Castle Wemyss was a large mansion in Wemyss Bay, Scotland. Built around 1850 for Charles Wilsone Brown, a property developer who had plans to develop the land around Wemyss Bay.

Wilsone Brown sold the mansion to Sir John Burns (later Baron Inverclyde) in 1860. Burns commissioned the architect Robert William Billings to remodel the house in the Scottish baronial style, expanding the original structure by adding a new floor, new wings and a clock tower to the south-east corner.

Castle Wemyss became a fashionable destination for many well-known visitors, including Lord Shaftesbury, Anthony Trollope, General Sherman, Henry Morton Stanley, Peter II of Yugoslavia, Emperor Haile Selassie and members of the British Royal Family.

It is reputed that Trollope wrote part of Barchester Towers whilst at Wemyss Bay, and that ‘Portray Castle’ in The Eustace Diamonds was based on Castle Wemyss.  Whether this is true or not, Trollope places Portray in a similar geographical location, with a description which is very like that of the castle and its grounds. Trollope did however include the real Castle Wemyss in his travelogue How the ‘Mastiffs’ Went to Iceland, a record of a trip from the Clyde to Iceland in June and July 1878.

The house remained in the Burns family until the death of Alan, 4th Baron Inverclyde in 1957. None of his family were able to afford the cost of maintaining such a large property and it was sold to a developer. Inverkip Power Station was built on the northern part of the estate grounds.

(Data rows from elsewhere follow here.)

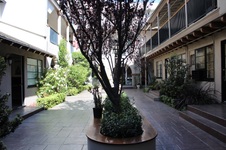 Enlarge photo 81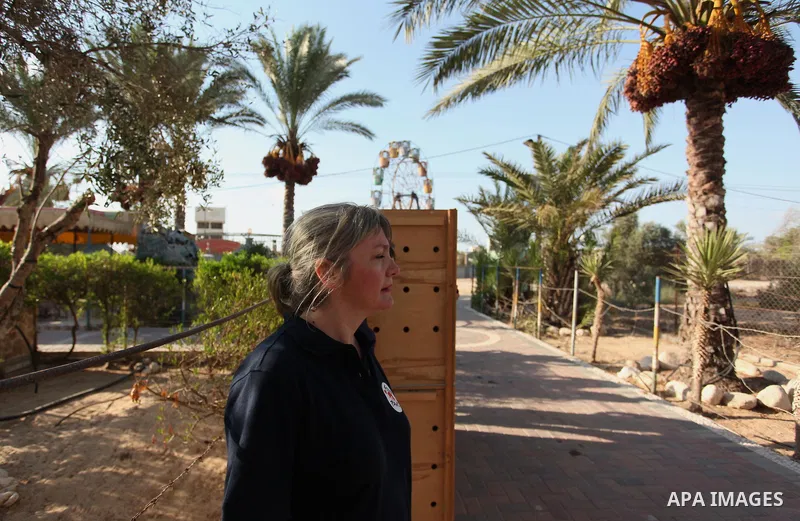 Members of the international animal welfare charity "Four Paws" carry a cage containing a monkey at a zoo in Khan Yunis, in the southern Gaza Strip, prior to evacuating all the animals at the zoo out of the Palestinian e...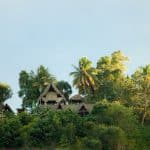 Travel Planning for Taylor & Nathaniel's Wedding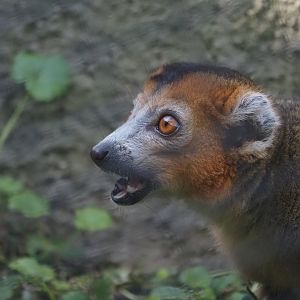 Crowned Lemur "Lenny" 1
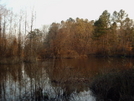 Cypress Swamp by MyName1sMud in Other Trails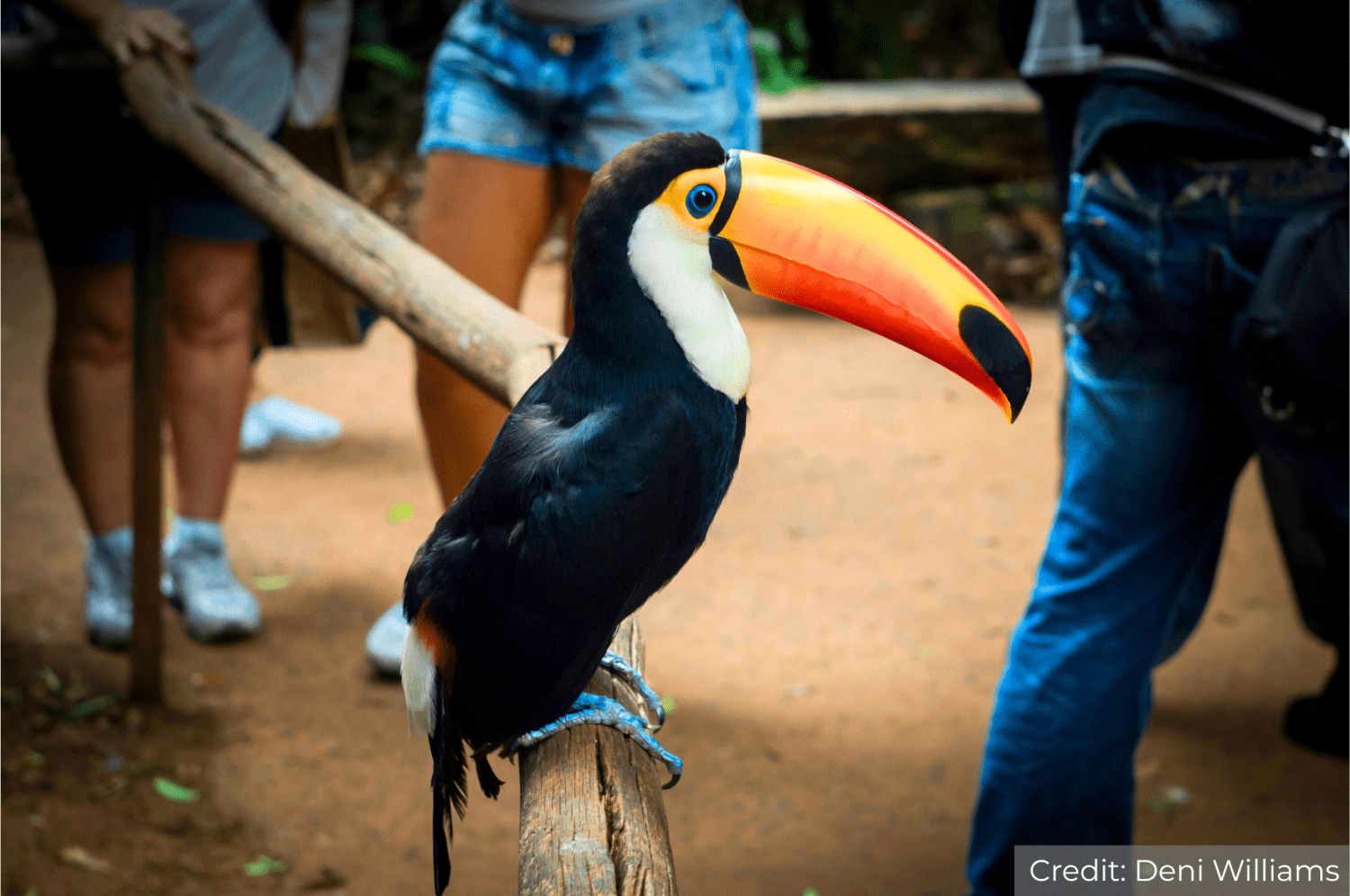 Argentina North 11-Day Tour Package with Luxury Hotels: See & Do It ALL - tour image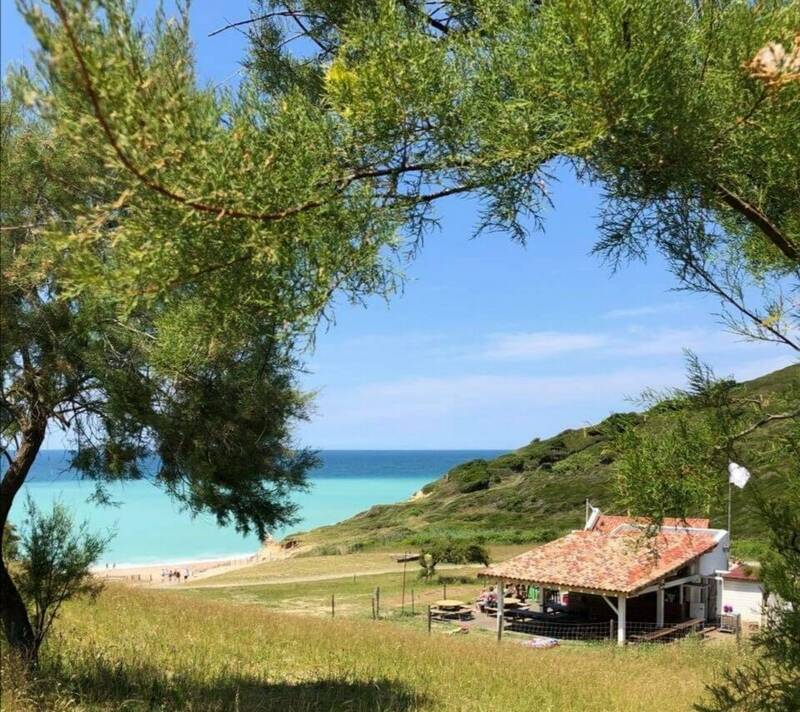 Kanttu Bidart accepte les chiens à Bidart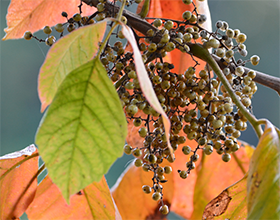 poison ivy leaves and berries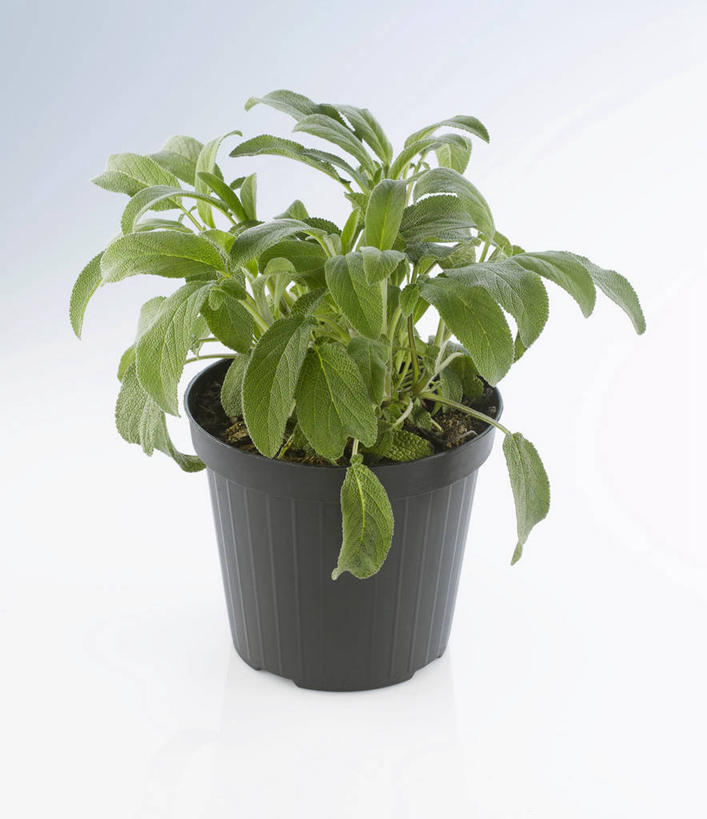 无人,家庭,竖图,俯视,室内,特写,白天,白色背景,智慧,植物,餐桌,桌子,叶子,阴影,反射,盆栽,影子,绿叶,草药,药草,盆景,中药,绿色,自然,嫩叶,摄影,影棚,生长,成长,餐台,一盆,鼠尾草,药材,中草药,中药材,本草,理性,叶,叶片,彩图,高角度拍摄,影棚拍摄,拍摄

Greenfield legislation meant that whilst much of the larger estate was developed as Wemyss Bay grew in the 1960s and 1970s, the house itself was left untouched. Gradually falling into decay (and subsequently de-roofed to avoid payment of housing rates) it was not until 1984 that it was finally demolished. In the 1990s the grounds themselves were finally redeveloped, and all that now remains of the house is a broken flight of stone steps and a flagpole. An established monkey puzzle tree marking the entrance to the drive had to be removed for safety reasons. However, the locally formed Woodlands Trust have started to reclaim the Victorian fernery from the rhododendrons. Formal paths have now been established in the woods which are immediately adjacent to the site of the former castle.

Duchal Castle

Duchal Castle

Duchal Castle

Only fragments of this castle remain in it’s position on  high rocky crag where it was naturally defended.  It stands between the Green Water and the Blacketty Water .

The estate belonged to the Lyle family in the 13th century.  It is possible the castle was built in the 12th Century and therefore be the first Lyle castle was Duchal motte.  The castle was garrisoned by the Earl of Lennox in 1488, and was beseiged by the King in 1489. The property passed to the Porterfields in 1544.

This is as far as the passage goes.